Lidstone is chair of the pipe trades department at Camosun College. The post-secondary school’s apprenticeship program covers a wide range of topics, including plumbing, air conditioning, gas fitting and home heating.

But Lidstone says the technology is such these days that all sources can run efficiently, and be environmentally and economically sound.

“The consumer should know that every one of these could be made very efficient with the technology out there, as long as they’re properly designed and installed,” he says.

Coun. Sanders says she couldn’t agree more.

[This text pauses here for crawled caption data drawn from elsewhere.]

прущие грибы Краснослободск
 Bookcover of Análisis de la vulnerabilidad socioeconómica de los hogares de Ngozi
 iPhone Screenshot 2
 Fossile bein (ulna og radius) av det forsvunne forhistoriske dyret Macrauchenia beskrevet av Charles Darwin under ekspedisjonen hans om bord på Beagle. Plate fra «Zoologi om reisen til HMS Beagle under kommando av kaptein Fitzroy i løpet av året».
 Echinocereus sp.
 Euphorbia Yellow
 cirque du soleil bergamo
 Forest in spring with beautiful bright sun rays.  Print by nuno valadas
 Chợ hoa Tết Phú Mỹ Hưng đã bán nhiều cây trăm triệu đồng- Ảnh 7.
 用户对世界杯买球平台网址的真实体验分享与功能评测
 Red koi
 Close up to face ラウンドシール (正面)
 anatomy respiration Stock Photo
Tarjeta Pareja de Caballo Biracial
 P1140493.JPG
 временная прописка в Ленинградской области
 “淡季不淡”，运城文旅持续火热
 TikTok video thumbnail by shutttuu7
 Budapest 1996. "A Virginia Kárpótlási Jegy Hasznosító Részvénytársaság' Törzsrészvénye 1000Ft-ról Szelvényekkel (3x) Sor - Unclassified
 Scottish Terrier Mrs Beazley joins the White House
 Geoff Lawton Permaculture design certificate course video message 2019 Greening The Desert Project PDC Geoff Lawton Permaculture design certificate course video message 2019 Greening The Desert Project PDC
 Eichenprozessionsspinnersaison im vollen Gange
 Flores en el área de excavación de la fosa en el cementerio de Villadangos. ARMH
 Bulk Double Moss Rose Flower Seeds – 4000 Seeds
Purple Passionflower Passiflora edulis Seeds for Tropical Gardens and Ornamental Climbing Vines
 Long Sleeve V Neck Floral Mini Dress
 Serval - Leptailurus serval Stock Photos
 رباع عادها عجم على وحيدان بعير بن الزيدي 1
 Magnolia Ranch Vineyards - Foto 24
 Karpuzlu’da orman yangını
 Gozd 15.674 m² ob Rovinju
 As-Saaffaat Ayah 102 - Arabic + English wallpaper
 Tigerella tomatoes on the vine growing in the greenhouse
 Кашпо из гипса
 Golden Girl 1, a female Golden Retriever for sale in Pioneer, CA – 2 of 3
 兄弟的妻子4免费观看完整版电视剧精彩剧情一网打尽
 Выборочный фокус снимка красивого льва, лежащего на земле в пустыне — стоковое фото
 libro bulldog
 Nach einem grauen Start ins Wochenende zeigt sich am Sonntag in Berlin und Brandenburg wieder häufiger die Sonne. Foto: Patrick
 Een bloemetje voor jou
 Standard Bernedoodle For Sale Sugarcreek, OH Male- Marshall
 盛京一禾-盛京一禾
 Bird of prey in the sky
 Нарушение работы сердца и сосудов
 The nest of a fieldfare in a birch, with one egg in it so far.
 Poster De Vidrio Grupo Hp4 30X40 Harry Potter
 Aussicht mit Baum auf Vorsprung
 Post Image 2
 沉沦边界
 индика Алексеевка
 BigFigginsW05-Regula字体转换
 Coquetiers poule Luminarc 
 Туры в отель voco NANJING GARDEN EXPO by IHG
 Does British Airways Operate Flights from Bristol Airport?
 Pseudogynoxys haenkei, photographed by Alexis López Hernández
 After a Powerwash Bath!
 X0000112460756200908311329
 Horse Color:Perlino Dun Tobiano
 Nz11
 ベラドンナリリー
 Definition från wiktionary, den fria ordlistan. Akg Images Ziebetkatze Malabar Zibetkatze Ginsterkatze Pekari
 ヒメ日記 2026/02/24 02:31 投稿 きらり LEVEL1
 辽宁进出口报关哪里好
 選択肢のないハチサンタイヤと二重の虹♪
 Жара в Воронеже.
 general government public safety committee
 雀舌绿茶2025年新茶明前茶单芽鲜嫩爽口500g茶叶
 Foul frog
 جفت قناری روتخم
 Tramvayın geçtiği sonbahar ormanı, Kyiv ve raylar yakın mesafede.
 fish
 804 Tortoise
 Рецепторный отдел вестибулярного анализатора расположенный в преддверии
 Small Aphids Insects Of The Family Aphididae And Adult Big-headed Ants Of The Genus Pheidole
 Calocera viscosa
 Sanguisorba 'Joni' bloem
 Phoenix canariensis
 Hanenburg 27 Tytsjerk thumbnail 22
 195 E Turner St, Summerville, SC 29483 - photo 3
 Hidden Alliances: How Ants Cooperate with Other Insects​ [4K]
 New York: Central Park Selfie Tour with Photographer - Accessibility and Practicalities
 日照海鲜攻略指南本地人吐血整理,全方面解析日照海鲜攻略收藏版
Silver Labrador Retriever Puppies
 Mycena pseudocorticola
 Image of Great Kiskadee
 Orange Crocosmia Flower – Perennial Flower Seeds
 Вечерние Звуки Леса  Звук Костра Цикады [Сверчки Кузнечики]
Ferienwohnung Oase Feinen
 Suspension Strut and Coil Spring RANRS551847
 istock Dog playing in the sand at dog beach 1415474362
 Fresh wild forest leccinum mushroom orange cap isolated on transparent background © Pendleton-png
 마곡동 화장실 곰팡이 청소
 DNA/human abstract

Proper installation and maintenance, especially of oil tanks, is crucial to protecting the environment.

“There needs to be more in place (to inform homeowners about potential tank leaks) than just an information sheet,” she says, citing possibly more stringent tank check-ups from insurance companies.

With regard to the most recent spill, Saanich’s manager of environmental services is concerned that if any rainfall comes, cleanup efforts in the McKenzie and Glanford avenues area will be hindered.

“We’re expecting that if we get heavy rain it’ll agitate the vegetation, the water level will rise, and any oil that was left high and dry stuck to the vegetation could be released,” says Adriane Pollard. “We’re expecting we might have some residual oil, which people may notice as sheen or smell.”

She says it’s too early to look at how to best prevent such an incident from occurring again, as well as what the long-term effects of the spill are on Colquitz River.

Lidstone says homeowners should thoroughly research all energy source options before choosing how to heat their home.

The environmental footprint of each source, and potential impacts if there is a failure, varies depending on where you live and the type of energy.

“There’s benefits and drawbacks for all of them,” he says.

“I think with the changing technology, we’re soon going to see oil and propane and gas and electric become more of a backup (to green heating options) than anything else.”